Search code examples
amazon-redshiftetldbt

Implementing scd2 in dbt using aws redshift, how do I define conditional natural keys?


Implementing scd2 in dbt using aws redshift. How do I define conditional natural keys?

unique_id = ['crm_id', 'curr_recrd_flg', 'actve_flg']

I want to provide conditions like curr_recrd_flg = 'Y' and actve_flg = 'Y'

Thanks in advance!


Solution

  • dbt can automate the creation of an SCD Type-2 table from a dimension table using its snapshot feature.

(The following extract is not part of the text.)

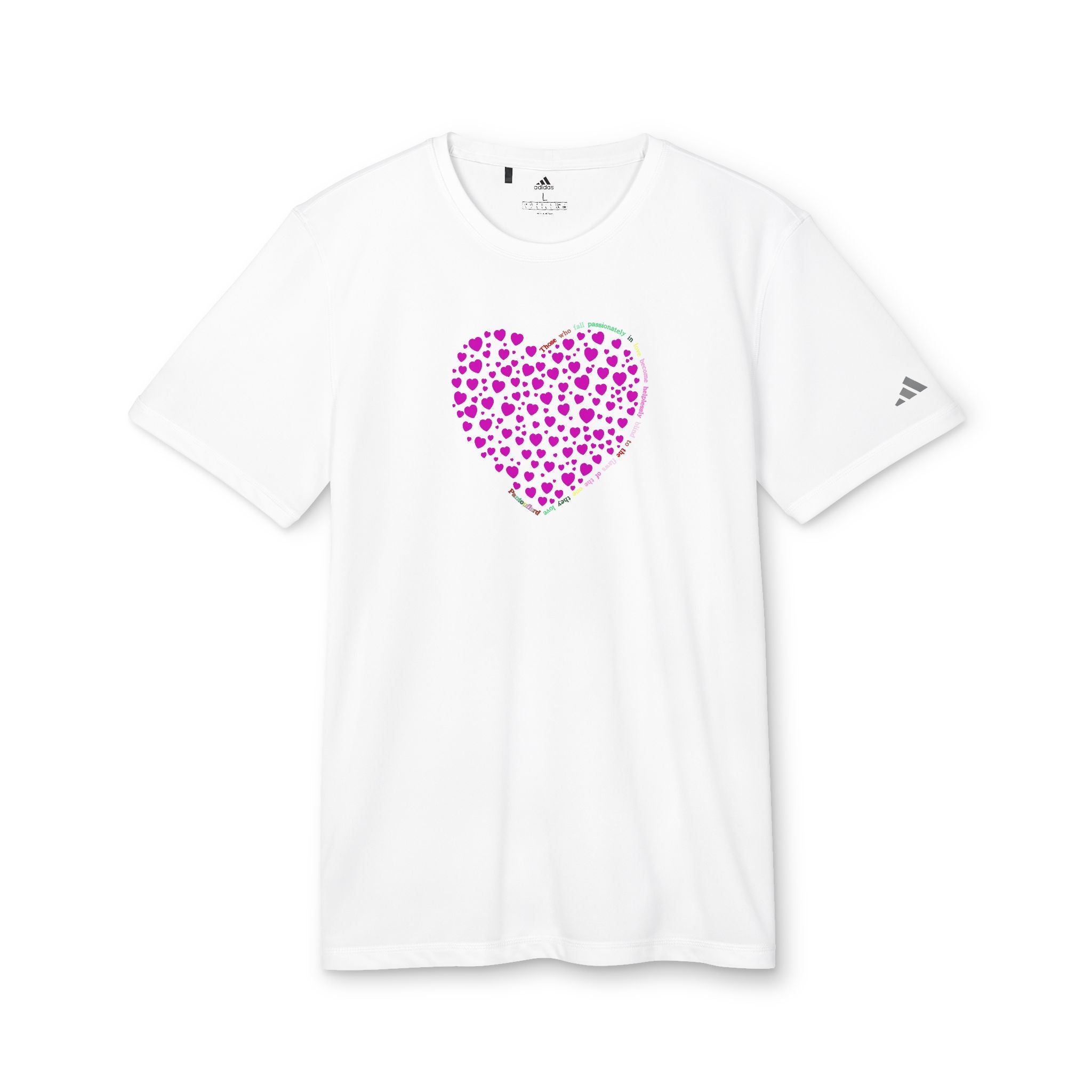 Camiseta Deportiva Unisex Adidas® con Diseño de Corazón Rosa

    First, you define your snapshot in a .sql file inside of a directory called snapshots inside of your project directory:

    -- snapshots/my_snapshot.sql
    {% snapshot my_snapshot() %}
    {{
        config(
          target_database='analytics',
          target_schema='snapshots',
          unique_key='crm_id',
    
          strategy='timestamp',
          updated_at='updated_at',
        )
    }}
    -- QUERY TEXT HERE
    {% endsnapshot %}
    

    The query in your snapshot definition can do anything. In your case, it seems like you want to filter on the "current record" fields, so that would look like:

    -- snapshots/my_snapshot.sql
    {% snapshot my_snapshot() %}
    {{
        config(
          target_database='analytics',
          target_schema='snapshots',
          unique_key='crm_id',
    
          strategy='timestamp',
          updated_at='updated_at',
        )
    }}
    select *
    from {{ source('my_source', 'my_table') }}
    where curr_recrd_flg = 'Y' and actve_flg = 'Y'
    {% endsnapshot %}
    

    Then you can execute dbt snapshot at the command line, and dbt will capture the rows returned by your query. Executing dbt snapshot again will execute the query again and update the snapshot table with any changes, in the style of SCD-2.